May 30, 2006

Hockey's Back...

... for me at least.

Those of you who have been reading my "work" for a while are probably aware that I am a hockey fan. Being a hockey fan hasn't been easy the last few years, particularly for a diehard Capitals fan like myself. You have all probably heard about the strike that cost the NHL its entire 2004-05 season, a strike that may well have permanently crippled the league in public esteem and that gained the league nothing, except the resignation of the idiot player's-union heads (though the shyster commissioner, Gary Bettman, is somehow still around). Here in the Fedroplex, the strike coincided neatly with the Caps' plan to purge the team of anyone you might have heard of, which produced fantastic results both in the standings and at the gate.

Although I thought the strike was stupid and pointless (and did not, as I had hoped, lead to mass bankruptcy among the Southern teams that currently plague the league), I didn't make any angry pronouncements that I was through with hockey when the strike hit. I'm not the type for angry pronouncements, and I figured the lure of the sport would be too strong anyway. I waited, patiently, with the idea that I'd resume the same level of fan intensity as soon as the sport returned. I figured that the sport would be hurting badly enough that it would need all the support it could get.
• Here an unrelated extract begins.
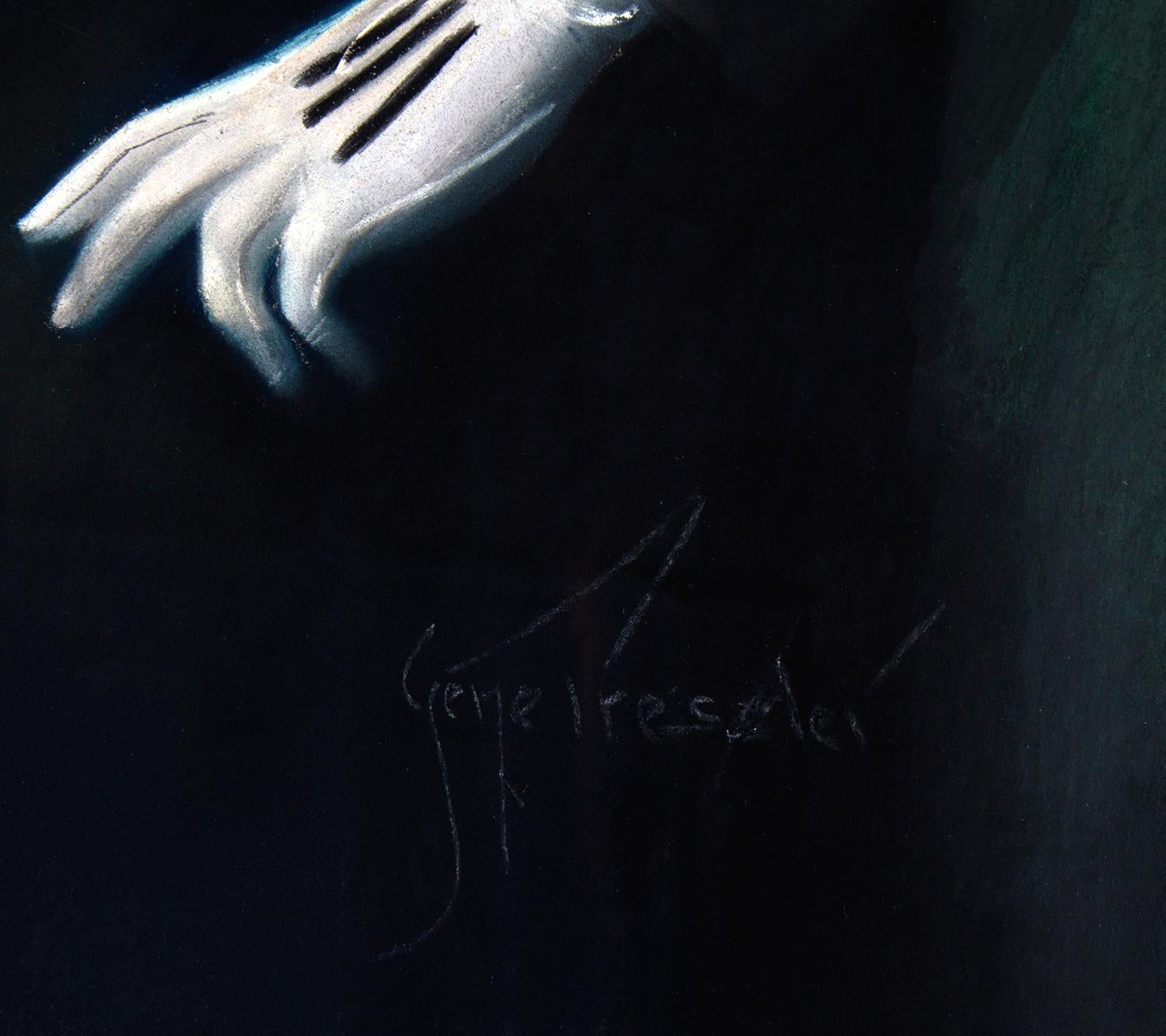 Blaues Lass mit blauem Auge (Sonstige Kunststile), Painting, von Gene Pressler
Well, wonder of wonders, the NHL seems to have survived better than anyone imagined. Average attendance was actually up a bit this year as compared to '03-'04. (TV ratings have taken a major tumble, but this is no surpise, as the national hockey broadcasts have moved from ESPN ["Your Yankees-Red Sox-Barry Bonds Network"] to OLN ["Your Tour de France Network, If You Cared"].) The NHL, amazingly, seems to have emerged whole, if not completely unscathed, from its historic attempt at self-immolation. The NHL got its fans back.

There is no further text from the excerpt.